Property owners may decide to purchase terrorism insurance to guard against potential financial losses should they be victims of terrorist activity.

Insurance companies in general exclude terrorism from casualty and property insurance. Otherwise they require special endorsements to provide such cover. The predictability of terrorist activity is difficult.  Calculating the potential liability is challenging. For example, the September 11, 2001 attacks resulted in an estimated $31.7 billion loss. Due to these factors, setting a feasible premium therefore is a daunting task for any insurance company.

In the immediate aftermath of September 11 attacks, US insurers were faced with huge amounts of terrorism exposure from portfolios that had terrorism cover. The insurers had limited possibilities of obtaining reinsurance to cover the losses should a future attack occur. An example of how premiums skyrocketed after 9/11, Chicago’s O’Hare airport carried $750 million terrorism insurance at an annual premium of $125, 000. After 9/11 insurers offered $150 million cover at an annual premium of $6.9 million.

In October 2001, the Insurance Services Office, acting on behalf of insurance companies, filed a request in every state for permission to exclude terrorism cover from all commercial insurance coverage. By early 2002, 45 states permitted insurance companies to exclude terrorism from all their policies except for Worker’s Compensation insurance.  By statute this covers occupational injuries without regard to the peril that caused the injury.

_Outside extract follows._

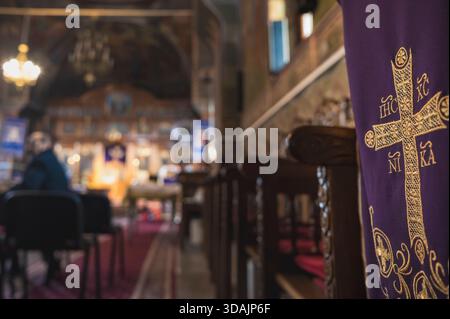Petrosani, Roumanie 22 novembre 2025 : tissu liturgique violet or brodé croix orthodoxe (IHC XC NIKA) intérieur de l'église et bancs flou sur fond Banque D'Images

Most insurance companies prefer rather to spread coverage over a wider geographic area. This is the case regarding flood insurance. The World Trade Centre losses were concentrated in one condensed area.  Therefore this important factor determines the availability of terrorism insurance cover.

The Geneva Association (also known as the International Association for the Study of Insurance Economics) compiled a report which stated that a mix of government and private resource could provide a short-term solution to deal with terrorism insurance cover. The government would serve two functions:

Establish rules to act on the capacity shortage;
Be the insurer of last resort.


The Terrorism Risk Insurance Program Reauthorization Act of 2007 was signed into law by the President of the United States on 26 December 2007, which extends the Terrorism Risk Insurance Act (TRIA) until 31 December 2014. The law extends the Federal Program. This provides for a system of shared public and private compensation for insured losses caused by acts of terrorism.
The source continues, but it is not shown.